The Prime Minister said today talks were at deadlock as the bloc’s leaders were intent on keeping Northern Ireland in the customs union.
In her hardline statement outside Downing Street, Theresa May warned Brussels “no deal is better than a bad deal” and any proposal to keep Northern Ireland in the customs union was “unacceptable”.
She said: “It is something I will never agree to – indeed, in my judgement it is something no British Prime Minister would ever agree to.
“If the EU believe I will, they are making a fundamental mistake.
“Anything which fails to respect the referendum or which effectively divides our country in two would be a bad deal and I have always said no deal is better than a bad deal.”

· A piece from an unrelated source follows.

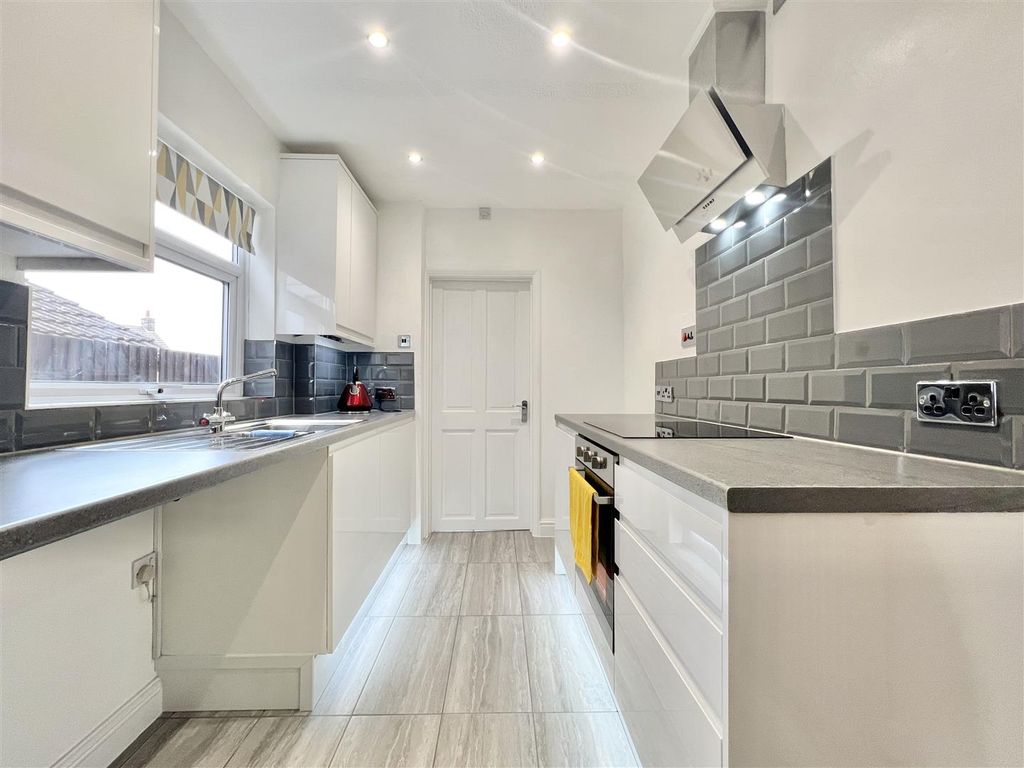 Property photo 3 of 12 Image00014.Jpeg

Is the UK headed for a no deal?
The UK’s deadline for leaving the EU is on March 29, 2019 and this week’s breakdown in Brexit talks will only increase the threat of a no deal becoming reality.
Mrs May admitted discussions were at an “impasse” and the EU now need to make movements towards a compromise to avoid a no deal.
She said: “So we now need to hear from the EU what the real issues are and what their alternative is so that we can discuss them. Until we do, we cannot make progress.
“In the meantime, we must and will continue the work of preparing ourselves for no deal.”
With Brexit plans looking in disarray, bookmakers Betfair say the chances of the UK crashing out of the EU without a deal in March are now 6/4.
However, Mrs May also insisted while the two sides “remain a long way apart” the UK will “stand ready” for open negotiations.
Earlier, Irish Prime Minister Leo Varadkar insisted a deal could still be struck but negotiations were set to enter a “rocky patch over the next couple of weeks”.
But European Council Donald Tusk said all 27 leaders had “all agreed” the Chequers plan was not viable.
What is the Chequers deal?
Under the deal, MR May said she wanted to create a UK-EU free trade area with a “common rulebook” that would in effect stop friction at the border with Northern Ireland.
A “facilitated customs arrangement” would avoid a hard Irish border but allow the UK to negotiate its own tariffs outside of the EU.
But Mrs May said Donald Tusk has rejected the plans without outlining counter proposal, saying they “would undermine the single market”.
The pound fair sharply following the Prime Minister’s speech to $1.3, over fears the UK will exit next March with a no deal.
Opposition Labour leader Jeremy Corbyn labelled Mrs May’s negotiations a “disaster”.
He said: ”The Tories have spent more time arguing among themselves than negotiating with the EU.
“The political games from both the EU and our government need to end because no deal is not an option.”